Bramble On: A jinx in serial reporting?
Had I read the opening lines of Sarah Koenig’s 1999-murder-investigation podcast “Serial” in a book, I would have undoubtedly kept reading.
“For the last year, I’ve spent every working day trying to figure out where a high school kid was for an hour after school one day in 1999 – or if you want to get technical about it, and apparently I do, where a high school kid was for 21 minutes after school one day in 1999,” Koenig opened.
Had I read the last lines of HBO’s documentary series about wealthy heir Robert Durst’s murder cases “The Jinx” as the last lines in a novel – which I will not quote because it would spoil the show for those who haven’t watched it – I would have closed the book and sat in silence for a few minutes letting the ending fully sink in. They were powerful.
Koenig’s line was a great piece of writing, planting the seed of curiosity like every episode of her podcast did week after week. The Jinx’s last words were a great piece of producing and directing work, creating an ending to a documentary worthy of any iconic show or movie. That approach made Serial the fastest podcast to reach five million downloads on iTunes, according to CNN. That approach gave The Jinx one of the most shocking finales a show has ever had. And both productions were so excruciatingly gripping and groundbreaking in their style that some critics have said they have changed the future of entertainment.
I believe it’s true, but for the past few months, and moreso the last few days after watching The Jinx, I’ve been trying to figure out exactly what Serial and The Jinx are – or if you want to get technical, and apparently I do, if I can call them journalism, or if they are simply journalistic investigative work with rearranged and repackaged facts to deliver a really good story, an addictive piece of entertainment, and not much more.

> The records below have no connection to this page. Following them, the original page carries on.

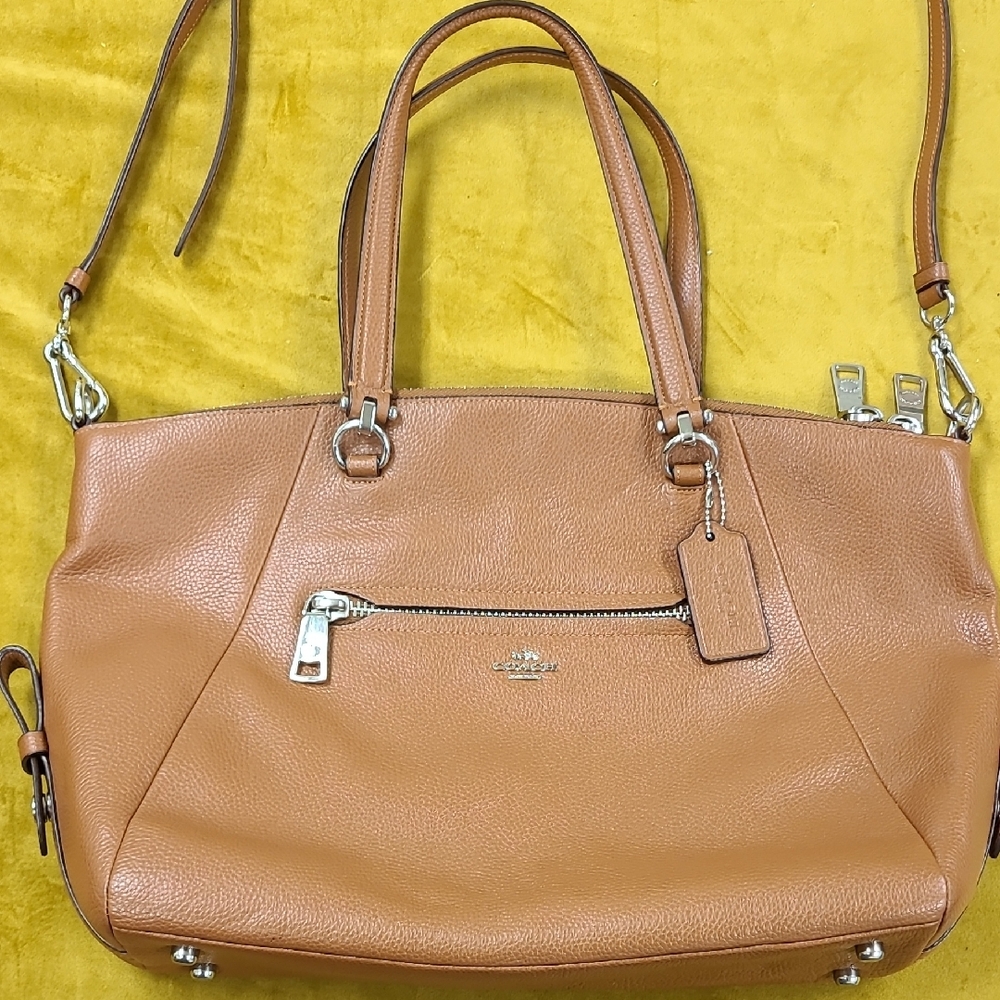 Coach Tan Shoulder Bag with Pebbled Leather and Adjustable Strap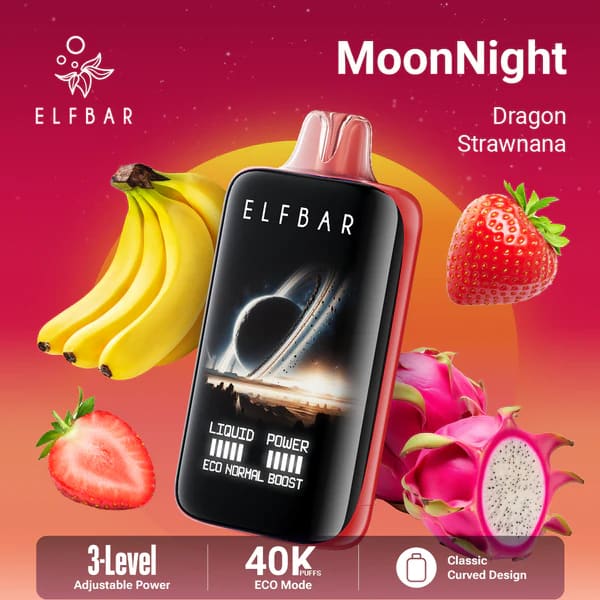 ELFBAR MOONNİGHT سحبة سيجارة الفبار 40000 شفطة 20نيكوتين عدة نكهات استخدام مره واحده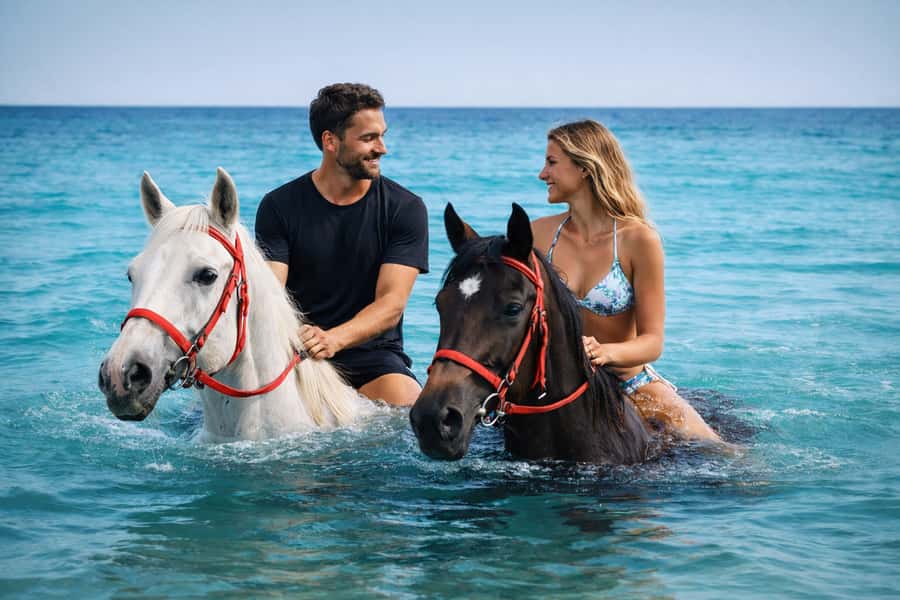 Hurghada: Sea & Desert Horse Riding tour/w Swimming&Transfer - Riding through the Hurghada desert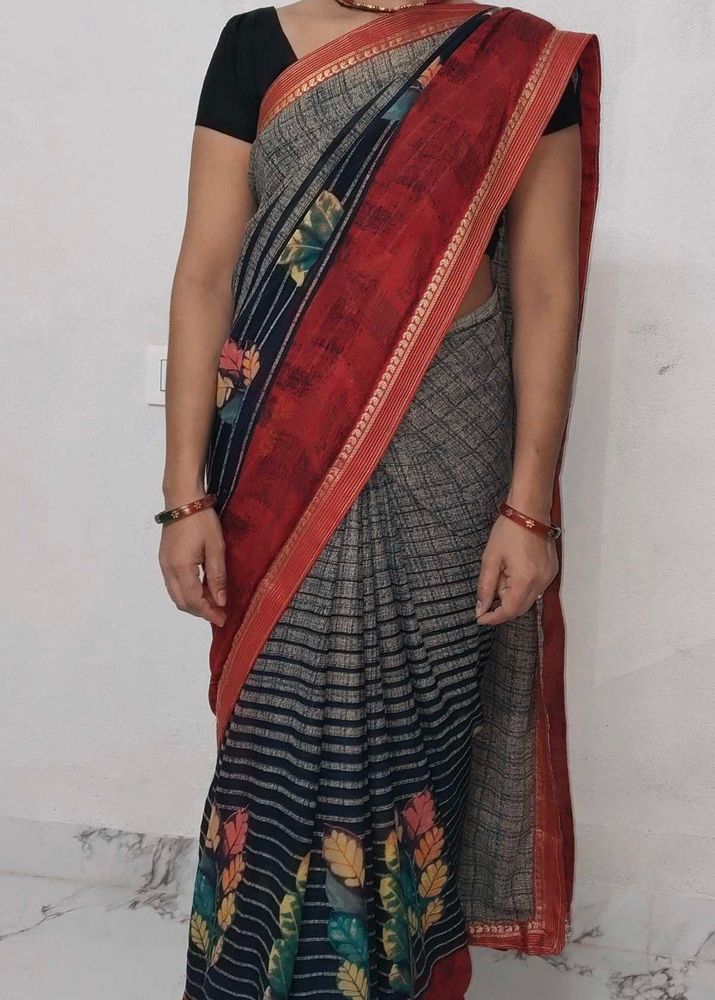Women's Georgette saree with floral print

In their format, they can both be considered journalism. The Jinx is a documentary and Serial is a podcast spinoff of “This American Life.” The stories both revolve around serious journalistic work and actual fact gathering, but the delivery of those facts is what differs from the great majority of journalistic work. They focus more on the suspense, on the addictive aspects that make the listener or watcher want to keep consuming the story a lot less than they do on delivering information.
Journalists have always been creative, when the story merits it, to engage the audience, but the end goal is usually to deliver information that might provide useful knowledge that affects the audience’s lives. The story of a single person can sometimes represent what many more are going through, and thus address a larger issue. With both of the shows, problems and limitations within the legal system are exposed, but in neither show is that the point of focus.
Eliana Dockterman said it perfectly in her Time magazine article “How The Jinx and Serial Strain the Blurry Ethical Lines of Crime reporting,” they both buried the lead to enhance storytelling. They teased the audience with facts to increase intrigue.
Additionally, I’ve asked myself, “has reality TV evolved into something that can be consumed without any entertainment diet remorse? Is this what reality TV looks like when someone adds a little bit of depth to it?”
I am not entirely sure how I feel about viewing someone’s life as entertainment. Perhaps this is how those who a few years ago were strung out on the “Jersey Shore” felt when they watched it.
For now I’m stuck in the middle, completely impressed with what both productions delivered and with my journalistic superego at the very least asking if the approach the producers took are fully consistent with journalistic ethics. One thing is for sure, when the next season of Serial is released, I will be waiting week after week for my next fix.